2017-2018シーズンの新作は今のところ”Spongebob Sqarepants”, “The Band’s Visit”, “Mean Girls” を合わせた計4作品しか見ていませんが、その中ではイチオシ!
年末年始に渡米される方に一人でも多く観ていただきたいので、今回はネタバレ無しの紹介のみです。
公式サイトの紹介を読んで臨んだのですが、もう少し予習をしておいたほうが良かったかもw
大筋で振り落とされることはなかったのですが、細かいところで分からないところもあったもので。
筆者と同じく英語力が微妙な方はこちらWikipediaのSynopsisを読んでいったほうが良いかもしれません。
稚拙ながら以下に和訳を載せておきます。読みづらい箇所もあるでしょうが、そこはリンク先の原文をあたってみてください。
物語としては先の展開が読める内容ですし、ストーリーを知った上で見ても魅力が損なわれるタイプの作品ではないはず。
あらすじ
ある嵐の夜、アンティル諸島で少女が雷の音に怯えています。
少女を慰めようと、村の語り部はグランゾムのダニエル・ボゾーメと恋に落ちた小作農の娘ティ・モーンの話、活力と痛み、愛と悲しみ、約束と希望の物語を話します。
この物語では4人の神、大地の母アサカ、水の神アグウェ、愛の女神エルズリー、死を司る悪魔パパ・ゲーがアンティルの宝石と呼ばれる島、ハイチを統べ、そこでは貧しい小作農が神々を崇拝しています。(Prologue/”We Dance”)

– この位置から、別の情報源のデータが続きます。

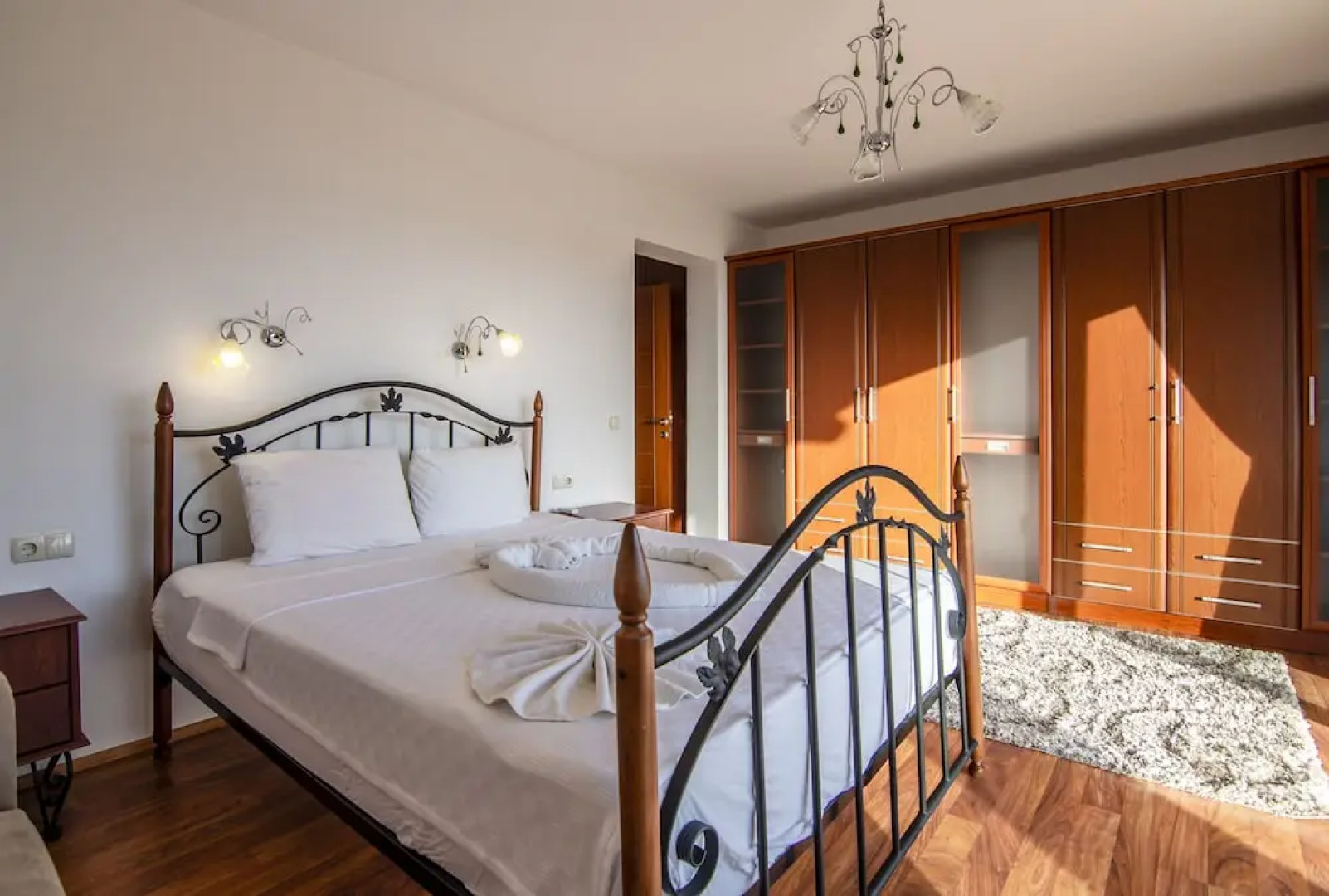 Calypso Lakeview Villas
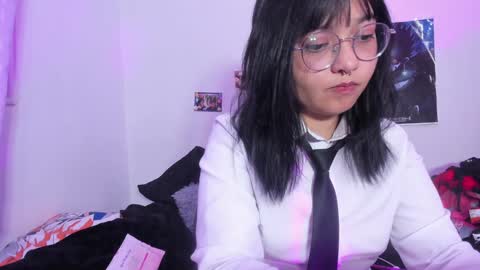 Snapshot of iam_zoechan chatting on 12/02/24, 09:35 Zoe 3 online show from 12/02/24, 09:35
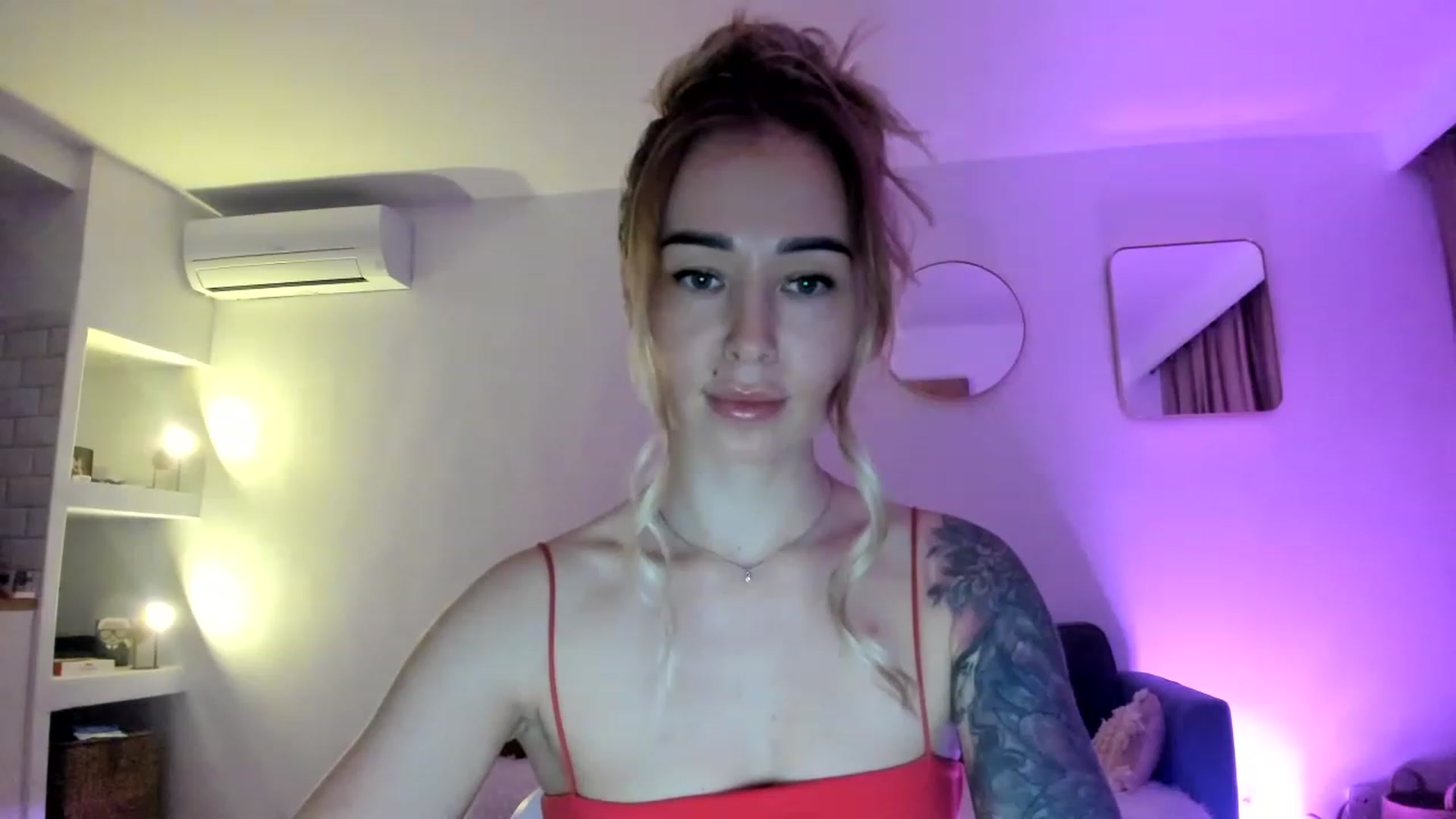 Gallery image thumbnail from AAA_Yas's myfreecams stream on, 04/08/2023, 19:52 image 1 of 20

闇の黒と呼ばれる小作農が島の片側に住み、グランゾムと呼ばれるフランスの農園主とその奴隷を起源に持つ肌の明るい子孫が反対側で生活しています。
ある日、アグウェは島に猛烈な嵐を解き放ち、悲惨な洪水が多くの村を押し流しました。
けれども、神々はティ・モーンをいう名の幼い孤児の命を洪水の波より高い木に引っ掛けることで救いました。

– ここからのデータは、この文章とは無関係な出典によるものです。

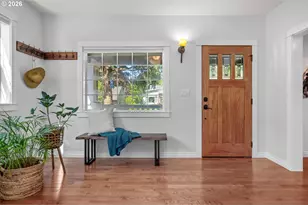 7304 SW 28th Ave, Portland, OR 97219 - Photo 3
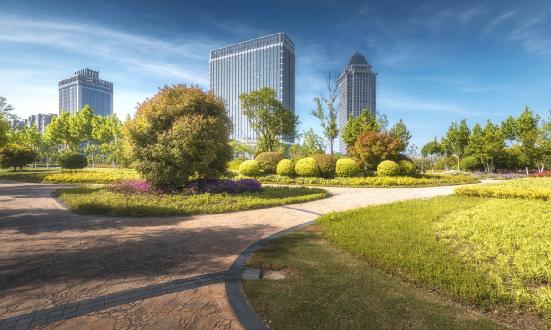 城市綠化行業(yè)發(fā)展如何?2023年中國新建和改造提升城市綠地3.4萬公頃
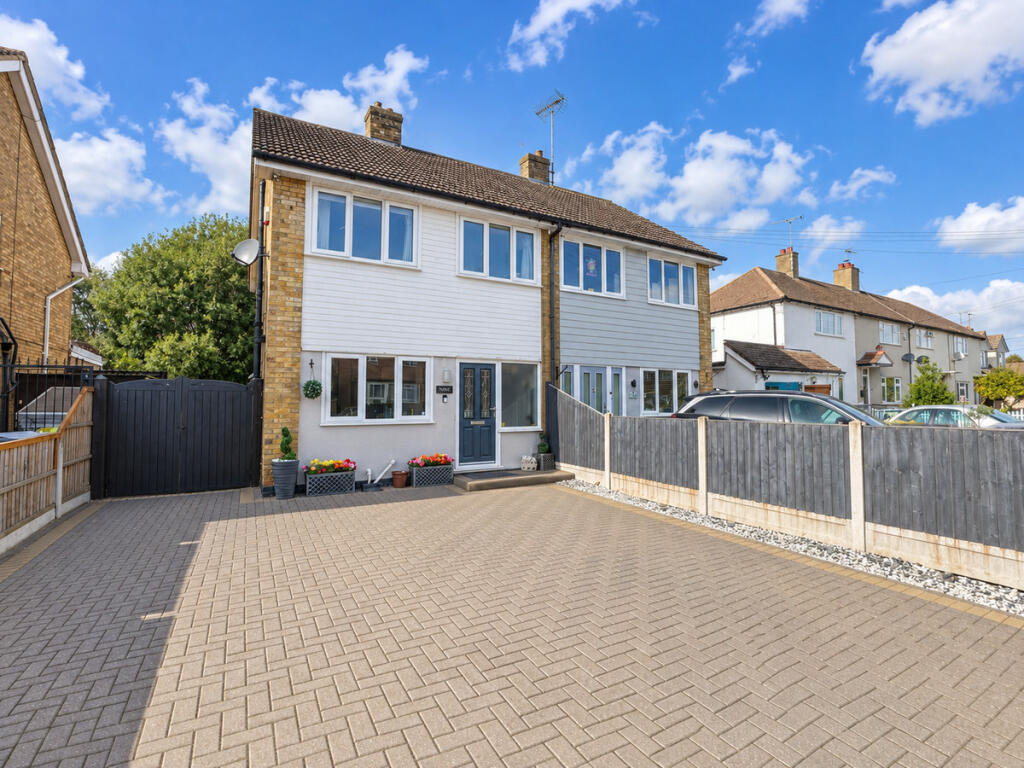 Main image of property: The Drive, Rochford, SS4 1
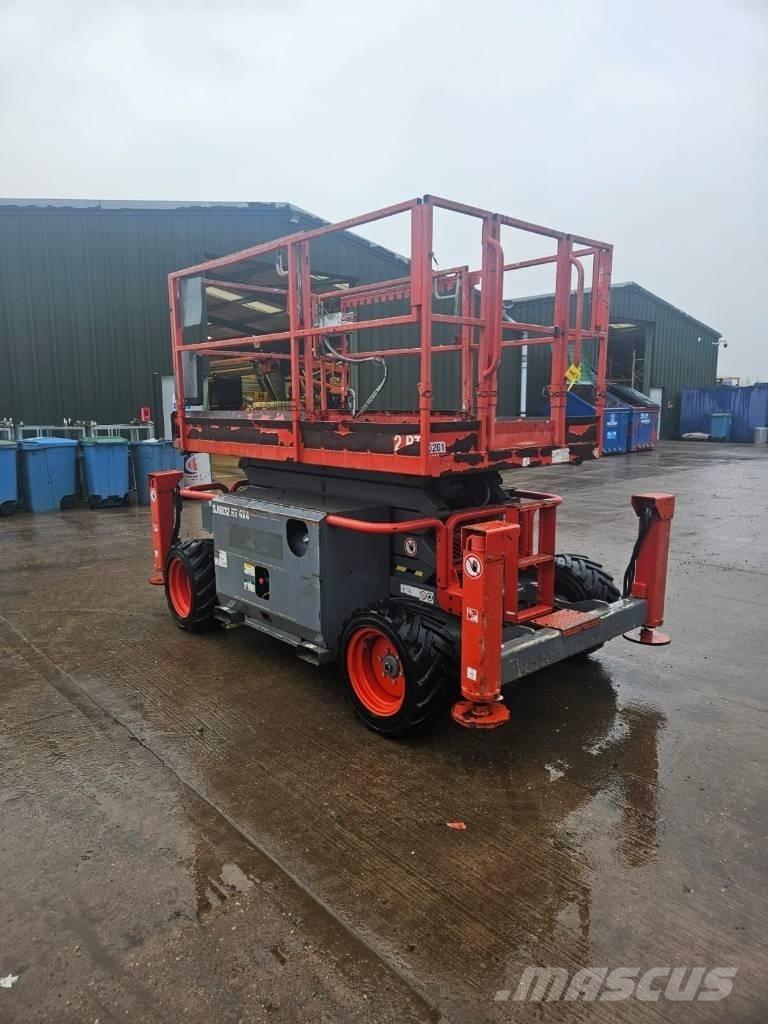 SkyJack 6832RT Makazaste platforme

発見された彼女はママ・ユーラリーとトントン・ジュリアンに引き取られました。(“One Small Girl”)
数年後、成長したティ・モーンは神に祈り、願いを伝えます。村の近くの道路を疾走するよそ者達グランゾムの様になりたいと。(“Waiting for Life”)

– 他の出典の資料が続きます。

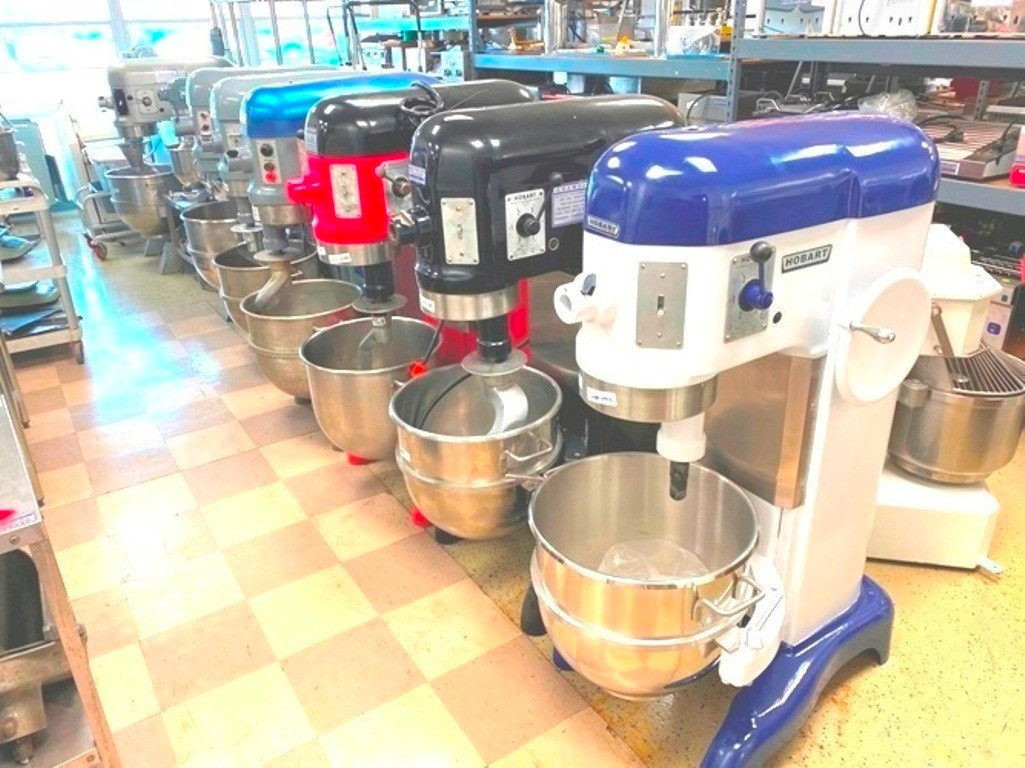 Mixers/ 30 Qt Hobart D-300 w/t 4 Attachments / 1/2 HP Film Attached/115V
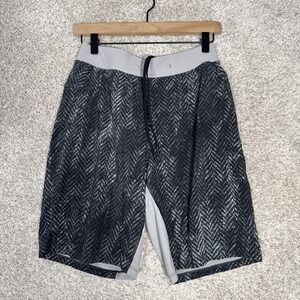 Lululemon T H E Short Mens Small Gray Geo Print UnLined Athletic Gym‎ Running 9"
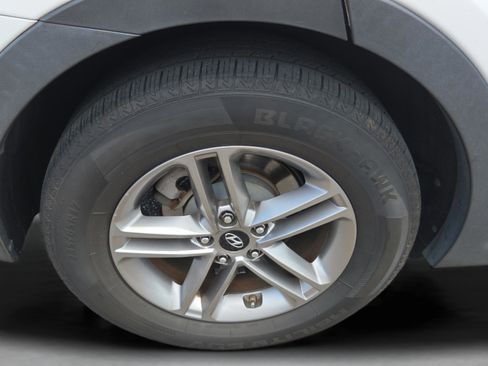 Used 2017 Hyundai Santa Fe Sport FWD image 18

彼女の願いを聞いた神々は笑いますが、エルズリーは彼女に愛を与えます。愛は何にも増して強力だからと。
気を悪くしたパパ・ゲーは愛と死のどちらがより強力夫証明すべく賭けを申し出ます。
アグウェは若きグランゾム、ダニエル・ボゾーメが嵐の中で事故に遭うようにしむけた結果、ティ・モーンはダニエルに出会い看病することになります。(“And The Gods Heard Her Prayer/Rain”)
他の小作農だけでなく彼女の両親までもが反対する中、ティ・モーンは侵入者である彼の回復を助けます。(“Pray”)
ティ・モーンはよそ者に恋をし、意識不明の青年の世話をしながら彼も自分を愛してくれるのではと思います。
パパ・ゲーがダニエルの命を奪いに現れた時、ティ・モーンはダニエルの代わりに自分の命を差し出し、彼は命をとりとめます。(“Forever Yours”)
激怒したパパ・ゲーは遅かれ早かれ戻ってくることをほのめかし去っていきます、彼女の命は自分のものであるからと。
トントンはホテル・ボゾーメのいるダニエルの家族を探して島の反対側まで出かけます。
戻ってきたトントンはダニエルの一族の物語を伝えます。四世代前、ナポレオンの時代に島に入植したアーマンドというフランス貴族の物語を。
アーマンドには妻がいたにもかかわらず数人の現地人と関係を持ち、その中の一人がボゾーメというナの息子をもうけたのです。
ボゾーメが成長した頃、地元の小作農とフランスの間に戦争が勃発します。
小作農はボゾーメの力を借りて戦争に勝利します。
ボゾーメはアーマンドをフランスへ追放しますが、去り際にアーマンドはボゾーメとその子孫に「魂は永久にフランスに焦がれるが、黒い血が永久に島に閉じ込めるだろう」と呪いの言葉を残します。
今日まで呪いは未来のボゾーメ達が自身のルーツを思い起こさせる小作農と疎遠になる原因となり(“The Sad Tale of the Beauxhommes”)、ダニエルの一族の者は青年を連れ帰ります。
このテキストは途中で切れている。